> [Your objective]
The material below holds pictures; leave them out, and copy exactly, and only, the lines from the one with "Bearberry Extract Herbal" through the last.

> [Recorded data]

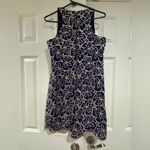 Lilly Pulitzer  Size 6 Navy and Gold Sandollar Beachy Augusta Shift Dress Photo 2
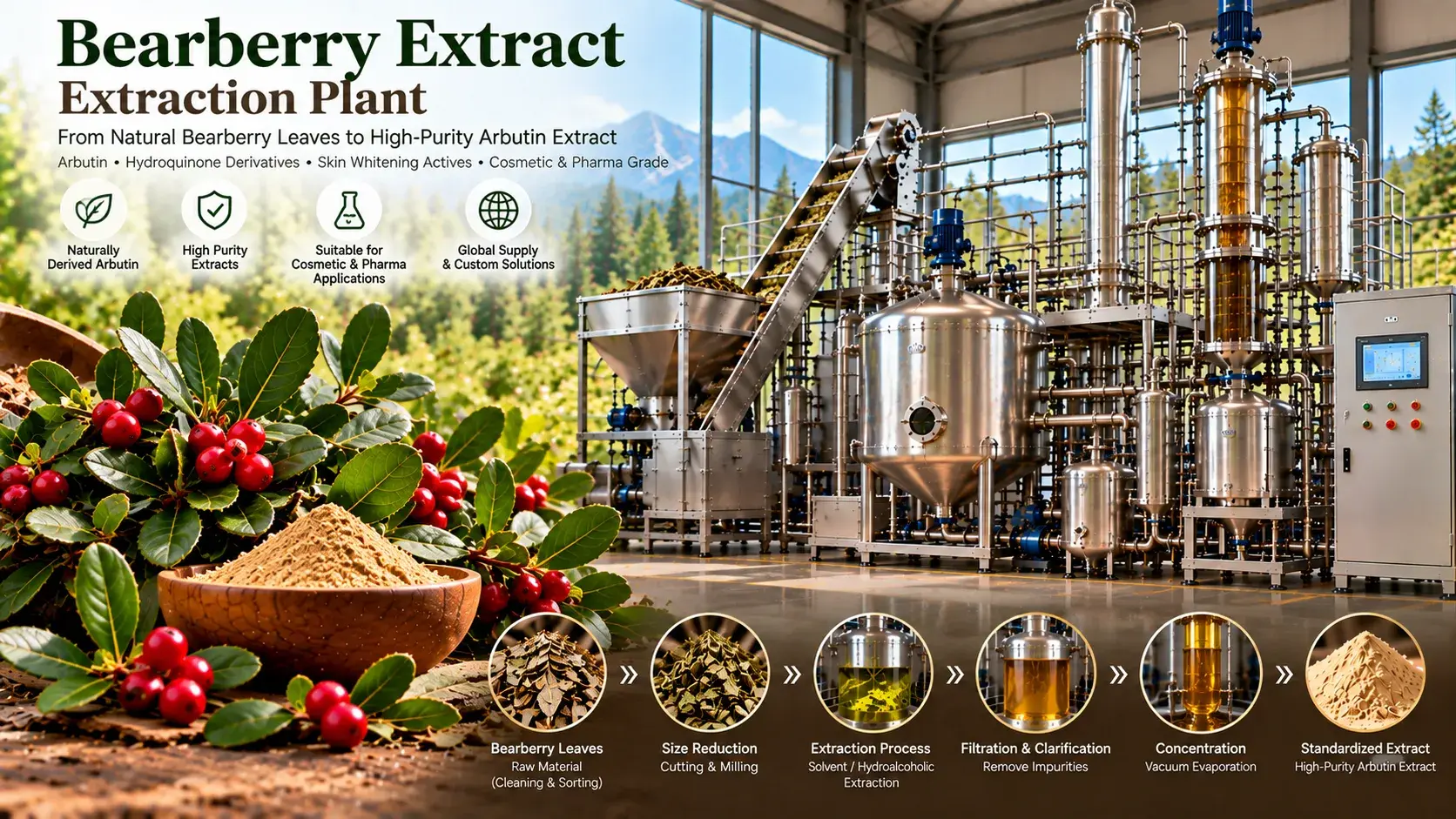 Bearberry Extract Herbal Extraction Plants — Mechotech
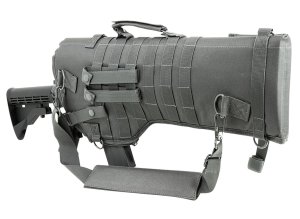 NcSTAR Tactical Urban Gray Rifle Scabbard Padded Carry Sleeve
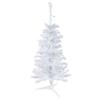 3' Pre-Lit Woodbury White Pine Slim Artificial Christmas Tree Green Lights view 1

> [Answer area]
 Bearberry Extract Herbal Extraction Plants — Mechotech
 NcSTAR Tactical Urban Gray Rifle Scabbard Padded Carry Sleeve
 3' Pre-Lit Woodbury White Pine Slim Artificial Christmas Tree Green Lights view 1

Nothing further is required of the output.